▶ _EXERCISE DIRECTIONS_:
Give again every line from the one with "exterior space featuring" through the last line of the data, exactly, and leave out the lines before it.

═══ EXTRACTED INFORMATION

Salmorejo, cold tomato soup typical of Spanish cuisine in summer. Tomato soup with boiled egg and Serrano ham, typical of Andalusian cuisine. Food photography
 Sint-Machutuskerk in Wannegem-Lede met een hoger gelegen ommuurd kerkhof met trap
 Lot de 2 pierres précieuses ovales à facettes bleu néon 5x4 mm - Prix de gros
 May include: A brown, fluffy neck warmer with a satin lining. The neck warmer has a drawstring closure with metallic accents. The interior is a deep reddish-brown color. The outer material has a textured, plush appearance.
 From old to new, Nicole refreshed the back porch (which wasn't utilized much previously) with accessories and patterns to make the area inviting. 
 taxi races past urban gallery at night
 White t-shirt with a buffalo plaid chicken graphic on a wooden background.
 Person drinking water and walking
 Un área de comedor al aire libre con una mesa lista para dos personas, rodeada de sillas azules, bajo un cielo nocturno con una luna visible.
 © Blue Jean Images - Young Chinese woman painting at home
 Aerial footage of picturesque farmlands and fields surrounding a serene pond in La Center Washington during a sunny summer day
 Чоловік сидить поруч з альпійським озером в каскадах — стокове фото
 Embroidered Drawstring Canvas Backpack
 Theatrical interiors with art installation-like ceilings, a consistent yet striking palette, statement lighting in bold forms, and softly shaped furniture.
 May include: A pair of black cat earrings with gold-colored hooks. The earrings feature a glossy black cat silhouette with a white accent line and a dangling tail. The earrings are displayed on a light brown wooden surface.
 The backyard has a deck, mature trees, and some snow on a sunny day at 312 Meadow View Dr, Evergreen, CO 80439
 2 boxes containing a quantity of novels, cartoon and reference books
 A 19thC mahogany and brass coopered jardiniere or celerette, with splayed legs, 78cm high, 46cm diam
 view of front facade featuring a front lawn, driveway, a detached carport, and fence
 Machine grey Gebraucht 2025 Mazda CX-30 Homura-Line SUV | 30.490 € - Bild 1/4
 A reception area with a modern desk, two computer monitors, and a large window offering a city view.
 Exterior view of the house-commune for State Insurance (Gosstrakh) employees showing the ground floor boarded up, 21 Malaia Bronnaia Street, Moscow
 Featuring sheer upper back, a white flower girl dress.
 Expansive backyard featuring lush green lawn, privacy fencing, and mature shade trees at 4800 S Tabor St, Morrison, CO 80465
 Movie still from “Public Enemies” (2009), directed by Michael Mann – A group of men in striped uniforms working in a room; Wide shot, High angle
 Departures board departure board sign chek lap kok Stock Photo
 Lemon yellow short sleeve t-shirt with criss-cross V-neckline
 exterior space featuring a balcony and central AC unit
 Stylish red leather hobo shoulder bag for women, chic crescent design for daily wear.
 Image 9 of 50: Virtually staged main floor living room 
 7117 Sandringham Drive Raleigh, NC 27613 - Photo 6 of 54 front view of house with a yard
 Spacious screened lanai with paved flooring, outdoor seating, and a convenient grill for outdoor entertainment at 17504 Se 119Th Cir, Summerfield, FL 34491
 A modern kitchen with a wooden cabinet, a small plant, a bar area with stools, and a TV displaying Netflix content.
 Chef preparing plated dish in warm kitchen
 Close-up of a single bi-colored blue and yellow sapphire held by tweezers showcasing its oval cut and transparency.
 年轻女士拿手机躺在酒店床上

══════

▶ _SOLUTION_:
 exterior space featuring a balcony and central AC unit
 Stylish red leather hobo shoulder bag for women, chic crescent design for daily wear.
 Image 9 of 50: Virtually staged main floor living room 
 7117 Sandringham Drive Raleigh, NC 27613 - Photo 6 of 54 front view of house with a yard
 Spacious screened lanai with paved flooring, outdoor seating, and a convenient grill for outdoor entertainment at 17504 Se 119Th Cir, Summerfield, FL 34491
 A modern kitchen with a wooden cabinet, a small plant, a bar area with stools, and a TV displaying Netflix content.
 Chef preparing plated dish in warm kitchen
 Close-up of a single bi-colored blue and yellow sapphire held by tweezers showcasing its oval cut and transparency.
 年轻女士拿手机躺在酒店床上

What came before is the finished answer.